С дальнего мыса вспорхнул скромный вертолет министра в сопровождении двух «барракуд». Кортеж приближался… и вот — с пушечным грохотом вылетели из окон ржавые щиты!.. Узнаю эти крепкие руки! Слепые грянули «Встало солнышко» в переводе с «Битлз».

Вертолет опустился прямо на нашу крышу. «Барракуды» кругами сновали в небесах. Сутулясь под замедляющимися лопастями, к трапу кинулся Крот. По ступеням молодцевато сбежал, с черными бровями и в белом костюме, министр ресурсов Шпандырин, и они с Кротом обнялись.

— Ну, этого вы знаете — наша общая совесть! — Крот подвел его к нам.

Шпандырин взмахнул руками:

— Ну как же! И моя тоже! — и обнял Луня.

— С Фалько вы, я думаю, сталкивались?

— Сталкивались! И еще будем сталкиваться! — боевито сказал министр.

Похоже, наш моральный климат нравился ему.

— Упаду для верности? — взволнованно шептал мне Петр.

— …Погодь.

— Эх, погощу я у вас, пожалуй, недельку! — сладострастно почесываясь под костюмом, сказал министр.

— И этот сюда! Что там у них — медом намазано? — Я с изумлением глядел на домик-пряник.

Тут у Вани заверещал телефончик, он поднес его к уху, и было слышно не только ему: «Проверить, все ли слепые слепые!» Он кинулся к бандуристам.

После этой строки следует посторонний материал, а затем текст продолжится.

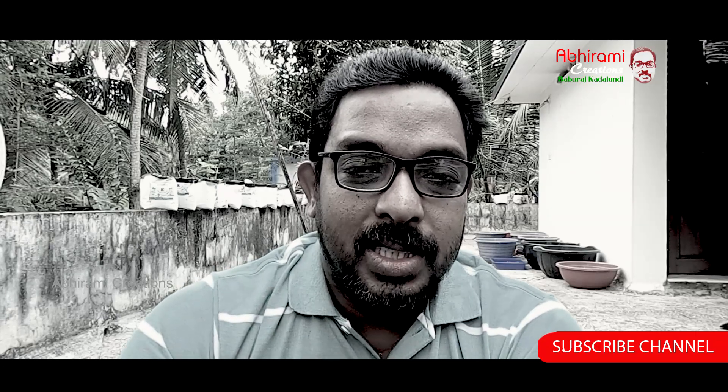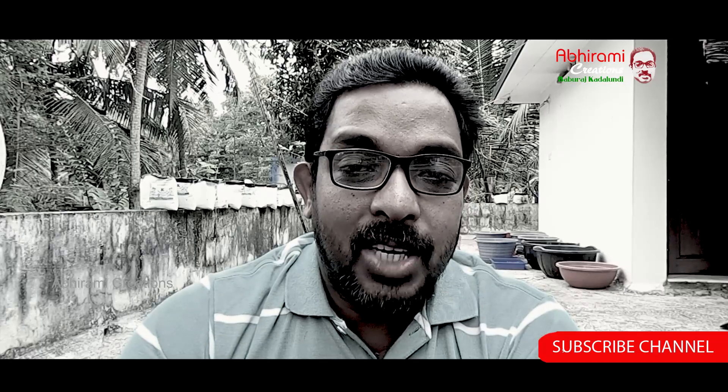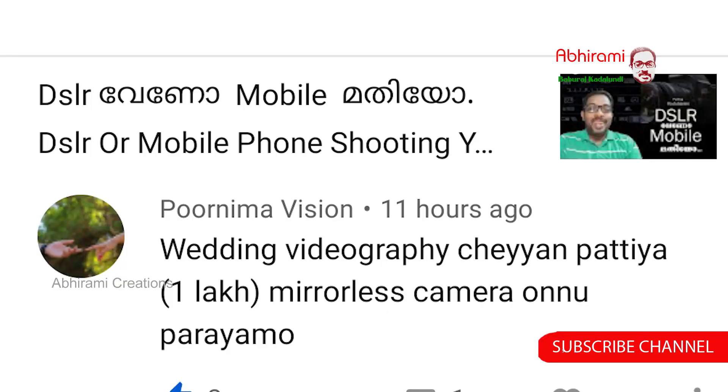Hello everyone, welcome to another video. We have a comment on this channel. In Dubai, we have a mirrorless camera.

— А это наш замгенерального по экологии, контр-адмирал Дыбец!

— Очищаем бухту! — отрапортовал тот.

— А это замгенерального по связям с общественностью, писатель Попов.

— Тот самый? Что написал «Ой, не кори меня, мати»? — Министр буквально расцвел. Пришлось сознаться: за деньги, обещанные Кротом, и не в том сознаешься… Вот я и зам!

— По голосу совести нашего уважаемого, — забубнил я, указывая на Луня, — решили отдать Пень-хауз оркестру слепых…

Моей бы совести точно не хватило на это! Ход Лунем.

Министр благосклонно кивал… Недолго длилось это блаженство — секунд приблизительно двадцать, но какой-то «терем справедливости» я тут воздвиг.

У Любки заверещал телефончик, и она, поднеся его к уху, с отвращением, как лягушку, передала мне.

— Что там? — испуганно произнес я.

— Не знаю. Видимо, землетрясение, — проговорила она.

…Я медленно поднес трубку к уху. Голос жены:

— Приезжай в темпе — отец в больнице!

Вот я и не зам. Связь неожиданно оборвалась, и в трубке захрипел Зорин: «Проверить — все ли слепые слепые?» Я вернул аппарат.

Прощай, море! Прощай, Ярило! Прощайте, бабочки! Вечно меня кидает почему-то сверху вниз!

…Ярило, впрочем, я видел еще раз, когда самолет пробил облачность и ухо сидящего далеко впереди, в бизнес-классе, японца вдруг налилось солнцем и стало алым, как тюльпан.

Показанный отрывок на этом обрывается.